This is much more compact than writing out each prediction individually. The sum of squared errors becomes:

\sum_{i=1}^n (y_i - \hat{y}_i)^2 = ||\mathbf{y} - \mathbf{X}\boldsymbol{\beta}||_2^2

where $||\cdot||_2$ represents the L2 norm (Euclidean norm), which for a vector $\mathbf{v} = [v_1, v_2, \ldots, v_n]^T$ is defined as:

||\mathbf{v}||_2 = \sqrt{\sum_{i=1}^n v_i^2}

Therefore, $||\mathbf{y} - \mathbf{X}\boldsymbol{\beta}||_2^2 = \sum_{i=1}^n (y_i - \hat{y}_i)^2$ is the squared Euclidean distance between the actual values and our predictions.

Similarly, the penalty terms become:

L1 penalty: $\lambda_1 ||\boldsymbol{\beta}||_1 = \lambda_1 \sum_{j=0}^p |\beta_j|$
L2 penalty: $\lambda_2 ||\boldsymbol{\beta}||_2^2 = \lambda_2 \sum_{j=0}^p \beta_j^2$

where the summation includes all coefficients from $j=0$ (intercept) to $j=p$ (last feature).

Putting it all together, our Elastic Net objective function in matrix notation is:

\min_{\boldsymbol{\beta}} \left\{ ||\mathbf{y} - \mathbf{X}\boldsymbol{\beta}||_2^2 + \lambda_1 ||\boldsymbol{\beta}||_1 + \lambda_2 ||\boldsymbol{\beta}||_2^2 \right\}

where:

$\min_{\boldsymbol{\beta}}$ indicates we are finding the coefficient vector $\boldsymbol{\beta}$ that minimizes the objective function
The objective function is the sum of three terms: data fit (SSE), L1 penalty, and L2 penalty

This notation makes it clear that we're minimizing a function of the coefficient vector $\boldsymbol{\beta}$ , and it's much more convenient for mathematical analysis and computational implementation.

Mathematical Properties

Understanding the mathematical properties of Elastic Net helps us predict how it will behave in different situations:

Sparsity and Grouping Effect: The L1 term encourages sparsity by driving some coefficients exactly to zero, while the L2 term encourages grouping of correlated features. This means that when features are highly correlated, Elastic Net tends to include the entire group rather than arbitrarily selecting one feature from the group (as LASSO might do).

Bias-Variance Tradeoff: As the regularization parameters $\lambda_1$ and $\lambda_2$ increase, the model becomes more biased (systematically wrong) but has lower variance (less sensitive to small changes in the data). This is the fundamental tradeoff in regularization.
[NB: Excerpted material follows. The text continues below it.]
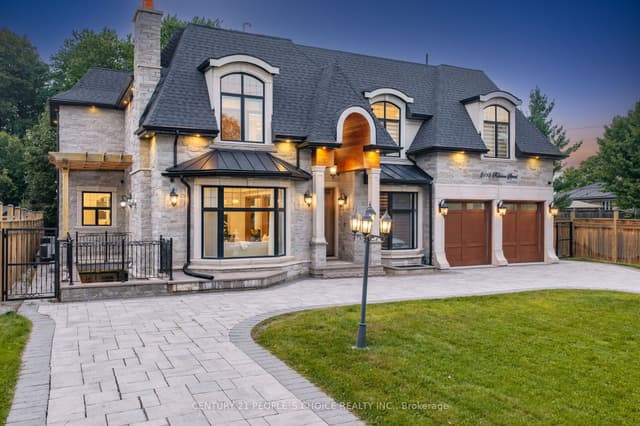 Detached at 2115 Rebecca Street, Oakville, ON L6L 2A4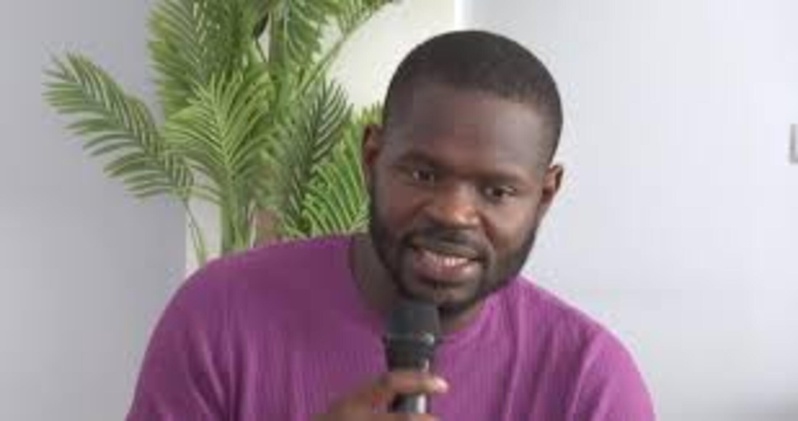 Pape Cheikh Diallo célèbre 30 ans de carrière et rend hommage à son public Pape Cheikh Diallo célèbre 30 ans de carrière et rend hommage à son public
Stability: The L2 component helps stabilize the solution when features are correlated, making the coefficient estimates more reliable and less sensitive to small changes in the data.

No Closed-Form Solution: Unlike Ridge regression, which has a closed-form solution, Elastic Net requires iterative optimization due to the non-differentiable L1 penalty. This makes it computationally more expensive but still more tractable than pure LASSO in many cases.

Convexity: The Elastic Net objective function is convex, which means it has a unique global minimum. This guarantees that our optimization algorithm will find the best solution.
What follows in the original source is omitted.